Après avoir tiré sur des personnes allongées sur des transats à la plage, le tireur, identifié par les autorités tunisiennes comme Seifeddine Rezgui, né en 1992 et étudiant à Kairouan (centre), s’est dirigé vers l’hôtel.
« Laisse-moi le tuer »
« J’ai vu le mec entrer tranquillement, en toute sérénité dans l’hôtel », se souvient Amir. A peu près à ce moment-là, « une vedette est venue depuis la mer, avec deux agents de sécurité à son bord, dont l’un était armé ». « Ils n’ont pas voulu descendre dans un premier temps » parce que le nombre d’assaillants était encore inconnu. « On a demandé à l’agent armé d’entrer dans l’hôtel, on le poussait mais il avait peur et n’a pas tiré », assure encore Amir. « Alors un animateur lui a pris son arme et a essayé de tirer de loin sur le terroriste. Mais l’arme n’a pas fonctionné ».
Seif a lui aussi assisté à cette scène. « L’animateur a pris l’arme du policier et a foncé vers l’hôtel pour tuer le tireur. Il a dit au policier ‘donne-moi ton arme, laisse-moi le tuer' ». Hassen, responsable des parachutes à l’hôtel Mouradi, sur la même plage, était sur place avec des clients au moment de l’attentat. Sa version diffère légèrement : il se rappelle avoir « vu l’agent de sécurité reculer en heurtant un parasol ». « Il est tombé et un citoyen a pris son arme » pour essayer de « tirer sur le terroriste ».

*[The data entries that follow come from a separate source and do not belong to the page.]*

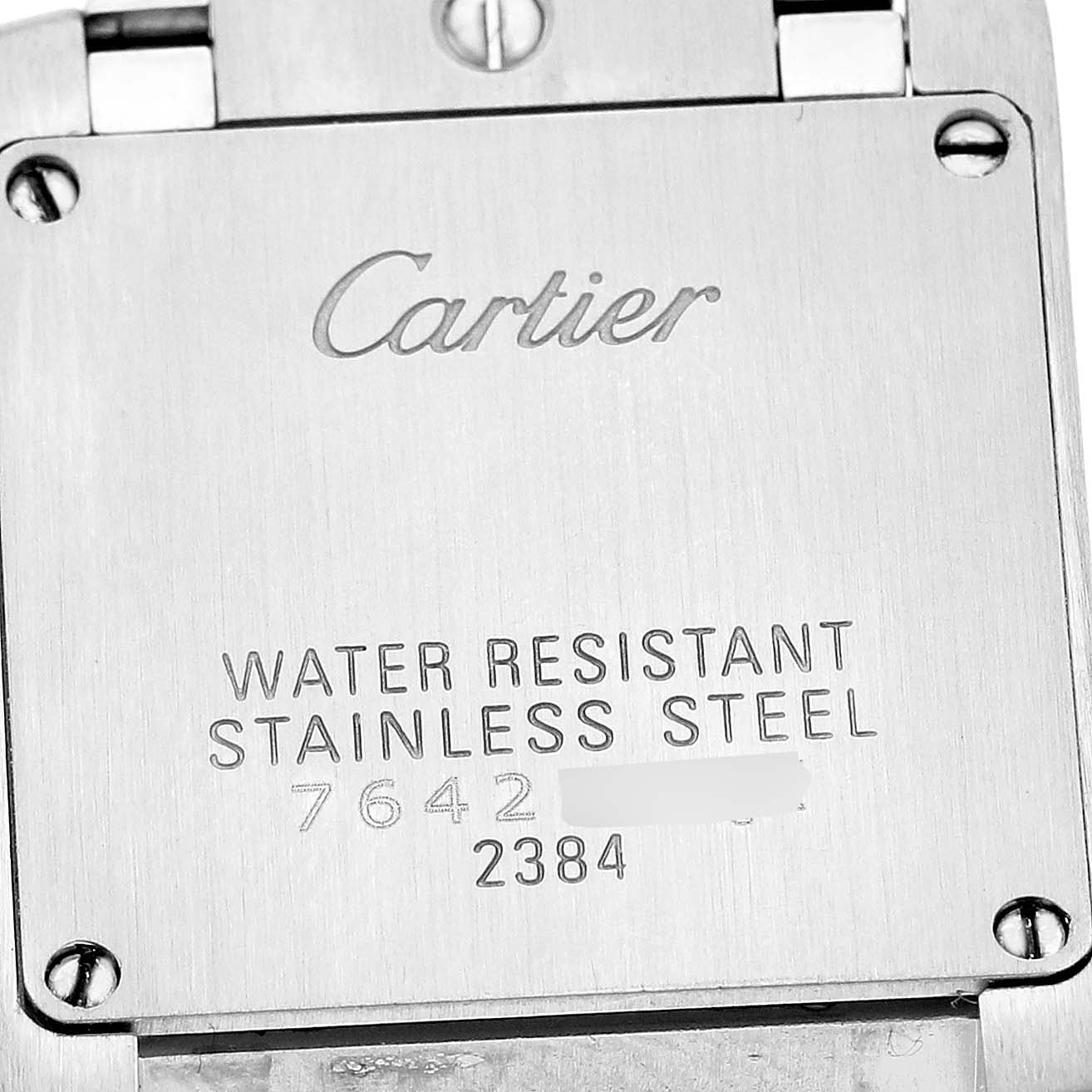 The image shows the back case of the Cartier Tank Française watch, highlighting its stainless steel and model details.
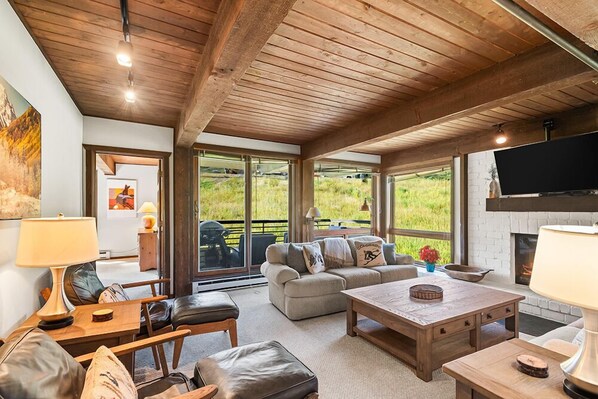 A cozy living room with a fireplace, comfortable seating, and large windows offering a view of the outdoors. - Enclave 208 | Snowmass Ski-In/Ski-Out Condo w/Shared Pool/Hot Tub/WiFi (Snowmass Village)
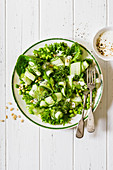 Healthy green salad with edamame and pine nuts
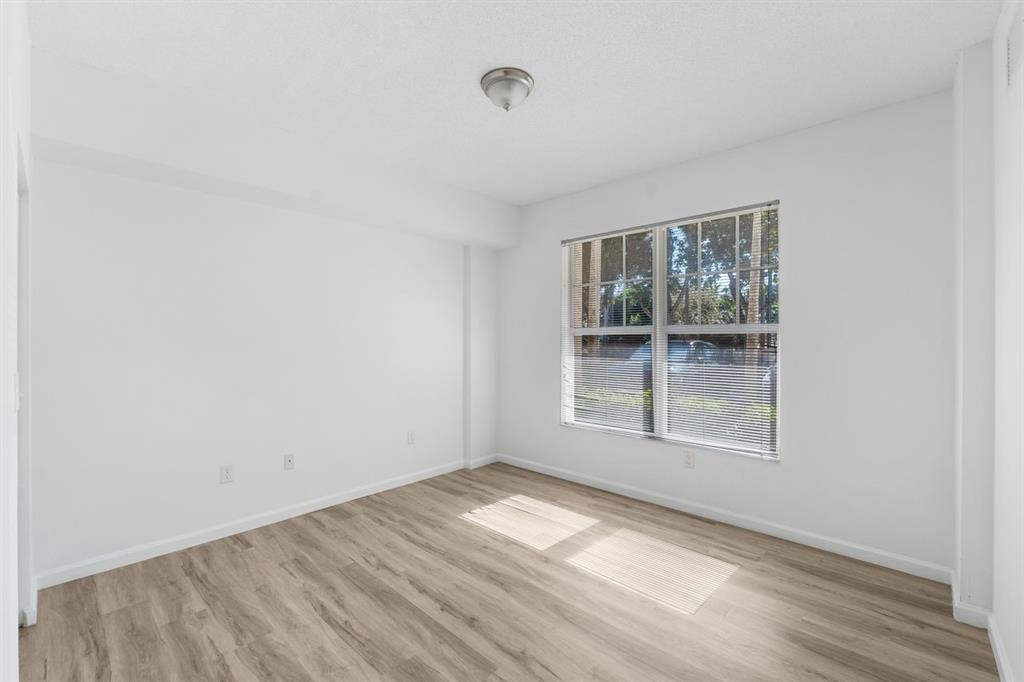 5800 West Sample Road, Unit 102 Coral Springs, FL 33067 - Photo 13 of 23 a view of empty room with wooden floor and fan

Quelques minutes plus tard, Amir a vu le terroriste revenir sur la plage et passer devant trois hôtels sans être inquiété. « J’étais choqué de ne pas voir la police alors que la région est encerclée par les postes de police et qu’il y a d’habitude des patrouilles régulières. […] Bien sûr qu’il y a un problème, car ils ne sont pas venus à temps », accuse-t-il.
Le porte-parole du ministère de l’Intérieur, Mohamed Ali Aroui, a refusé de commenter ces affirmations en arguant de l’enquête en cours, tout en tenant à dire que les renforts étaient arrivés « sept à huit minutes » après le début de l’attaque.